Gabe describes with a rich and diverse view the complexities of life as an ethnic Asian living in California. His story tells itself, and he hesitates to cast judgments in black-and-white; he doesn't try to turn these complexities into something simpler than they really are. For this we owe the author credit for the fairness and depth with which he treats serious social problems and the way in which these problems.

Although I felt the novel lacked enough character development by my usual standard, I think that I did take away a deep impression of the types of problems the characters overall and Gabe, in particular, experience as a part of everyday life; the issues presented here may be well applied to not only Asian-Americans or minorities, but also to anyone who faces problems with self-definition and placement within a world in which he or she feels a stranger.

In addition to the novel's content, the very internal, indirect style of first person narration gives is distinct and appropriately applied to the author?s objective. The understated, quiet tone of the prose comes as a welcome relief from the noisy, plot-overloaded, and often downright obnoxious form of all too many popular works.

Roley treats the reader with respect in that he does not gratify with ... sentimentalism but relies on serious treatment of major social and individual issues with delicate precision.

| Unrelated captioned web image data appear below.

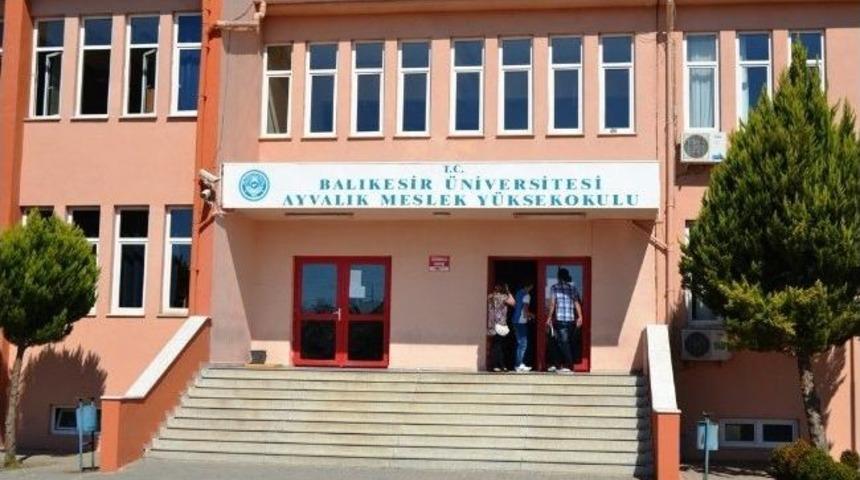 Y&uuml;ksek Okul Ayvalık&rsquo;a Artı Değer Katıyor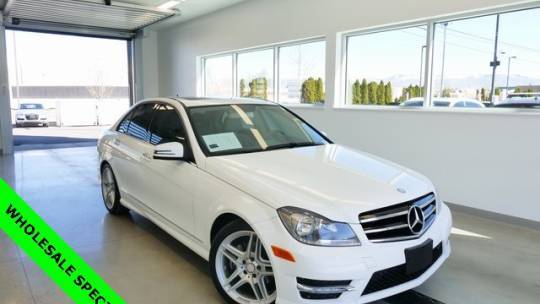 2014 Mercedes-Benz C-Class C 250 Sport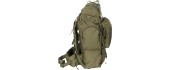 Backpack MFH Tactical - Green, 55l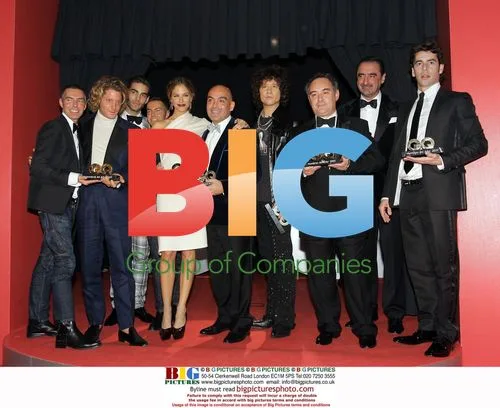 GQ Spanish Magazine Awards Gala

In terms of recent (i.e. the last 5-10 years) popular novels this stands out as fresh and thought-provoking. Check it out.

Rating: 5 stars
Summary: My Students' Response to this Book
Review: I used American Son as the end of year text in my 10th grade English class at a low-performing, multicultural high school in San Diego. The students read it in class and then discussed it in small groups, applying theme words like alienation, assimilation, family, loyalty. I can say little more than this: some of the books were stolen; students who never read begged to take the book home to finish it; many students said they had never read a book that felt more real. These students were stunned that such honesty existed inside a book. Filipino students came uncorked and reveled in the accuracies. Yes! came from faces and voices as if deep secrets had been told.The figurative language is brilliant. The characters are amazingly complex, particularly the mother who is as much villian as saint. Just like life.

Rating: 4 stars
Summary: Serious, provokes thought; recommended to young adults
Review: Roley tells a distressing story of how two poor half-Filipino, half-white sons change -- subtley or otherwise -- during a California summer in 1993. Attack dogs, racial identity, family, cultural pressures, crime, silence, and lies are all among interconnected factors that influence the two young men's fates. The uniquely subdued style of the narrative adds to the psychologically agitating atmosphere of the novel. Several scenes in the story may incite anger in readers; other scenes, pity or resignedness. Though not a "happy" story by most measures, _American Son_ presents a real part of American life, while also attempting to explain certain often-misunderstood personalities. This novel may be especially appreciated by young adults.

Rating: 5 stars
Summary: Lost in Place
Review: The story of this novel does not come with any clean resolution - rather, it portrays a vicious circle of hopelessness, violence, and unstable identities in multicultural Los Angeles. Roley's spare prose carries both the minute observations and the vulnerability of a teenager forced to grow up too quickly without a father and with an insecure, overworked mother losing her grip on her family.

We see Gabe, the narrator, cower before his brother Tomas' abusive behaviour and anger, eventually becoming attracted to his way of life. Their helpless mother can only watch in despair; however, her resolve strengthens only when she resists her brother's repeated requests to send the two back to Philippines to straighten them out. They probably would not have fared well there anyway, for Gabe and Tomas take considerable pains to deny their maternal Filipino heritage in an environment that only knows Black, Latino, Asian, or White - no hybrid identities here.

Roley's debut novel is a disturbing, yet compelling read, another emerging voice in Filipino-American letters to watch out for.